Afghan media reports says incumbent Afghan President Ashraf Ghani, who launched his reelection campaign yesterday, will face 14 contenders.

The president is reportedly expected to encounter stiff competition, including several individuals who were once senior officials in his government.

Among them are Mohammed Hanif Atmar, 51, a respected official who resigned abruptly in October, Afghanistan chief executive Abdullah Abdullah, Rahmatullah Nabil, a former national intelligence chief who leads an umbrella of reform-minded political and civic groups; Zalmai Rassoul, who served as national security adviser and foreign minister under President Hamid Karzai; Ahmad Wali Massoud, a brother of the late anti-Soviet and anti-Taliban militia leader Ahmad Shah Massoud; and Noor ul-Haq Oloomi, a former army general and member of parliament.
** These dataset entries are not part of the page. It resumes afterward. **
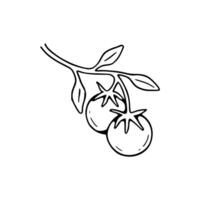 Tomatoes on a branch outline drawing vector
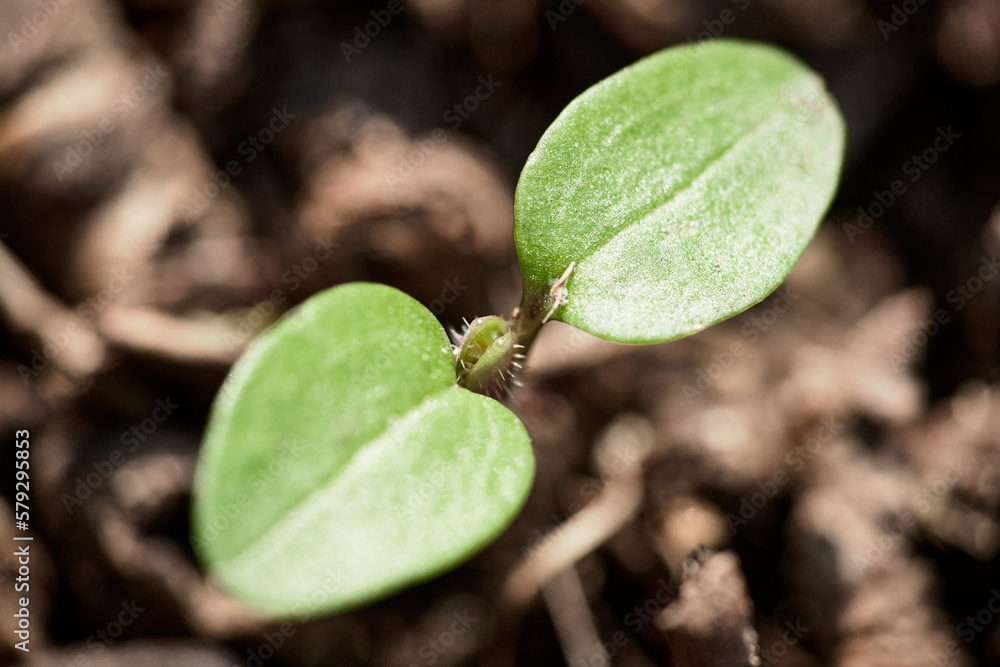 Plantule printanière avec deux cotylédons Plantule printanière avec deux cotylédons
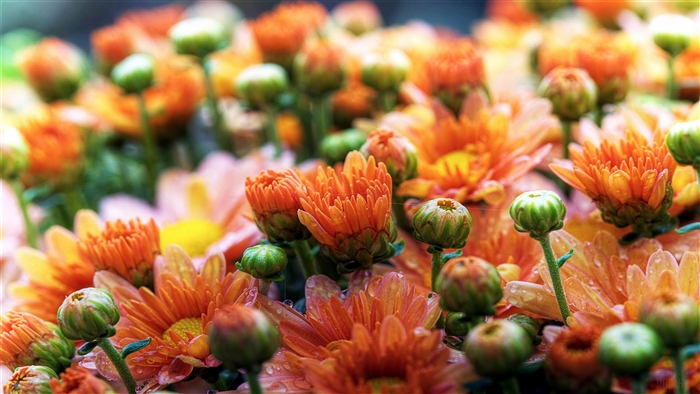 Orange and pink chrysanthemums with green buds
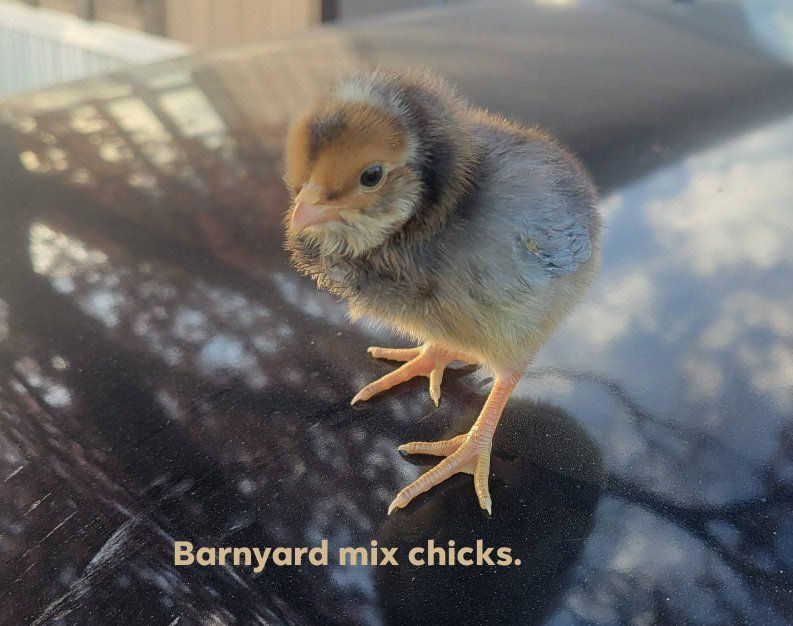 barnyard mix chicks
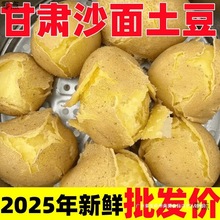 定西甘肃土豆新鲜沙面黄心蔬菜现挖批发2025黄皮整箱马铃薯洋芋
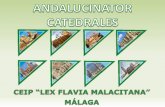 ANDALUCINATOR CATEDRALES CEIP "LEX FLAVIA MALACITANA"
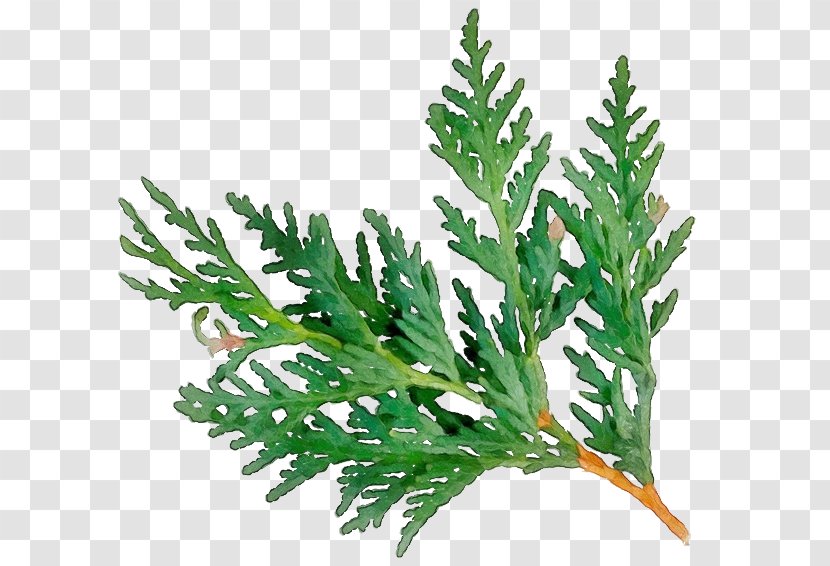 Black And White Flower - Cedar - Fern Caulerpa Transparent PNG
Bloomberg says a wild-card candidate who entered the race on Saturday is Gulbuddin Hekmatyar, the former anti-Soviet militia leader who became a longtime fugitive after being accused of numerous abuses and sanctioned by the United Nations and the United States.  He was brought back to Kabul in 2017 under a peace deal with Ghani that officials hoped would inspire the Taliban to follow suit. A polarizing figure, Hekmatyar is running as an independent.

Abdullah, 58, ran for president in 2009 and 2014 but failed to win either.  He had declared himself winner in 2014 after accusing Ghani of fraud and they were forced to form a joint government to prevent a political crisis.   

Abdullah is seen by analysts as a strong contender against Ghani.  

“Ghani, Abdullah and Atmar will be the strongest rivals in the elections because all the three have the support from the majority of people,” Abdul Shukor Dadras, a Kabul-based independent political analyst told Bloomberg by phone. “The three top candidates also enjoy the great support from the international community.”

The Taliban, which controls or contests half of Afghanistan, is a reportedly potential threat for the upcoming vote.  An added challenge is the ability of the election commission to address its shortcomings, with results of a parliamentary poll held last October yet to be announced.

The Afghan election, in which Ghani will face 14 contenders after five tumultuous years in office, is now scheduled for July 20 after being postponed from April.

The Washington Post says the race will be dominated, and in some ways overshadowed, by ongoing efforts to start peace talks with Taliban insurgents, who have so far refused to negotiate with Ghani’s government and insisted on dealing only with U.S. officials, while continuing to wage attacks across the country.